Bu gelişmeler ışığında Ünlühisarcıklı’ya, Trump yönetimine yöneltilen, yargıya müdahale ettiği şeklindeki eleştirileri hatırlatarak, seçimlerden sonraki süreçte Halkbank davasının nasıl bir şekil alabileceğini sorduk.
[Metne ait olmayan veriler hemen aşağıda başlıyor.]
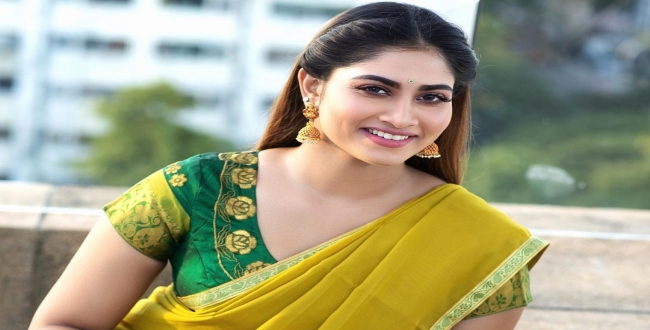 கிழிந்த பேண்ட் அணிந்து கிளுகிளுப்பாக போட்டோ வெளியிட்ட ஷிவானி.!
“Trump’ın yargıya müdahale etmesi eleştiriliyor ama o yargıya müdahale etmekten de geri durmuyor. Dolayısıyla kazanması durumunda bir kere devam edecektir. Bir de şunu unutmayalım, ABD’de malum ‘topal ördek’ söylemi var, Trump’ın ikinci defa seçilmesi durumunda bir daha aday olamayacağı için ‘topal ördek’ konumuna geleceği, senatörler ve Kongre üyelerinin artık daha bağımsız hareket edecekleri şeklinde genel bir beklenti var ama Trump aslında daha önce görmediğimiz türden bir Amerikan siyasetçisi. Dönemi sona erdikten sonra Cumhuriyetçi Parti’den elini çekecek değil. Hatta şunu söyleyeyim bu seçimi kaybetse dahi -çünkü fanatik bir kitlesi var ve başka hiç kimsenin böyle bir kitlesi olmadığı için partide- Temsilciler Meclisi üyeleri ve senatörlerin üzerindeki baskısı devam edecek. Bir de kazandığını düşünecek olursak bence çok daha güçlü bir Trump görüyor olacağız. Ondan sonra işte yargıya müdahale, yakın zamana kadar Türkiye’de şu izlenim vardı; ABD’de kurumlar var, şu var bu var, ama tabii yürütmenin önünde aslında hiçbir yerde hiç kimse çok uzun süre duramıyor maalesef. Bunu üzülerek söylüyorum çünkü Amerika’da böyle şeylerin oluyor olması aslında bütün dünyanın kaderini etkileyecek şeyler ama Amerikan demokrasisi büyük bir tehditle karşı karşıya. Trump’ın ikinci kez seçilmesi durumunda bence yargıya siyasi müdahaleler artarak devam edecektir Amerika’da. Bu da Halkbank davası vesaire gibi konular özelinde Türkiye’nin işine yarayabilir. Ama ben biraz önce değindiğim konuya geri döneyim; bütün bu Halkbank davası, S-400 meselesi, F-35 meselesi, Patriot, Suriye’de ne oluyor, Libya’da ne oluyor, bana göre aslında bütün bunlar bir büyük pazarlığın parçası olarak çözülebilir.”